Way back when Julie’s book was still in her computer, agentless, she wrote a fun post about comps.
She said, “You don’t want to send the agent into hysterical laughter, or worse, tempt him or her to use a trigger finger to delete the query before even reading the rest of it because you came across as arrogant in the comps you chose and how you worded the comparisons. At the same time, you don’t want to use such obscure comps the agent has to look them up on Amazon.”
So yes, it’s a thorny dilemma. The goal is to find titles or authors that might share the same readers, the same shelf in the bookstore. I agree with several commenters on Julie's post; I normally don’t include comp titles in the query unless the agent specifically asks. And it’s always best to use language such as: My story will also appeal to fans of (insert author here) or my story touches on similar themes to those in (insert title here).

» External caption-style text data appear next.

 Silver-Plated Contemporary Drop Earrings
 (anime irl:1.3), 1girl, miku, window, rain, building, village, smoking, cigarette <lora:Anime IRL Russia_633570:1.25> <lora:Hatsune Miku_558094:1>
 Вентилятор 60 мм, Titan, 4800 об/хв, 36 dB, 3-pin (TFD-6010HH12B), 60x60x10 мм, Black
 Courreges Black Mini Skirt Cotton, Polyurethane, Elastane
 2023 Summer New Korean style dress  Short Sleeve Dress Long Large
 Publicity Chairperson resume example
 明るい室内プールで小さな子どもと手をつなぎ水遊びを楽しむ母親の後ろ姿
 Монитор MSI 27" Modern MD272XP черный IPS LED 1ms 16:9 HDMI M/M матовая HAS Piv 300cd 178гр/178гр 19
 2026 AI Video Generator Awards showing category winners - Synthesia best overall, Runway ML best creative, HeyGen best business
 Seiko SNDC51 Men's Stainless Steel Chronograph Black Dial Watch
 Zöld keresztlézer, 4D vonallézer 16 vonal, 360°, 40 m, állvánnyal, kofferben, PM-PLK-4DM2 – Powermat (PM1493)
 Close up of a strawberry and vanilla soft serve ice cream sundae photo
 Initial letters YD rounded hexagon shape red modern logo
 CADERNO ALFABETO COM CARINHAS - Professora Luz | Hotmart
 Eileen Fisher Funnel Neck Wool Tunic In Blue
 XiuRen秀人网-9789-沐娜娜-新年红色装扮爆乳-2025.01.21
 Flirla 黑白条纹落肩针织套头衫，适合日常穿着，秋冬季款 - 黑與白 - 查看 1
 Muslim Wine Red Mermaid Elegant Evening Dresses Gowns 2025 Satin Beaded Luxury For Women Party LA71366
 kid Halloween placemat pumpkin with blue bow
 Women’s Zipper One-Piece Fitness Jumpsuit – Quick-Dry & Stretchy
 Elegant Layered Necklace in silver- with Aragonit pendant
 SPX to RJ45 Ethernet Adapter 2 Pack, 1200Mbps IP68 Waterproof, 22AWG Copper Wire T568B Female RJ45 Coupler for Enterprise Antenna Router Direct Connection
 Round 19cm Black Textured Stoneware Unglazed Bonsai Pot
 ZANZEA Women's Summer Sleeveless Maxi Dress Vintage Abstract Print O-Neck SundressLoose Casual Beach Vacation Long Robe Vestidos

The comps I've used when querying for THE LOST LEGACY OF GABRIEL TUCCI are pretty diverse. In some ways my story shares similarities to Alex George’s A Good American with its fish-out-of-water immigrants and ancestral secrets, or novels by Kate Morton and Rebecca Stott with dual timelines and a focus on links to the past. Perhaps even Jennifer Donnelly's novels for themes of betrayal, murder and the seedy side of historic London.
For books with an Italian connection, I actually got a bit of help here. One suggestion came from Julie (thanks for the tip on Pamela Schoenewaldt!), and another, from an agent who passed on an earlier version (i.e. not ready!). “I think the historical Trastevere will find an audience and is very marketable. Have you read anything by Chris Castellani? I think he might be a good comp.”
I loved these books (reviewed them here!) and would be thrilled if mine shared the same shelf. If all goes well, some other writer might use my book as a comp one day.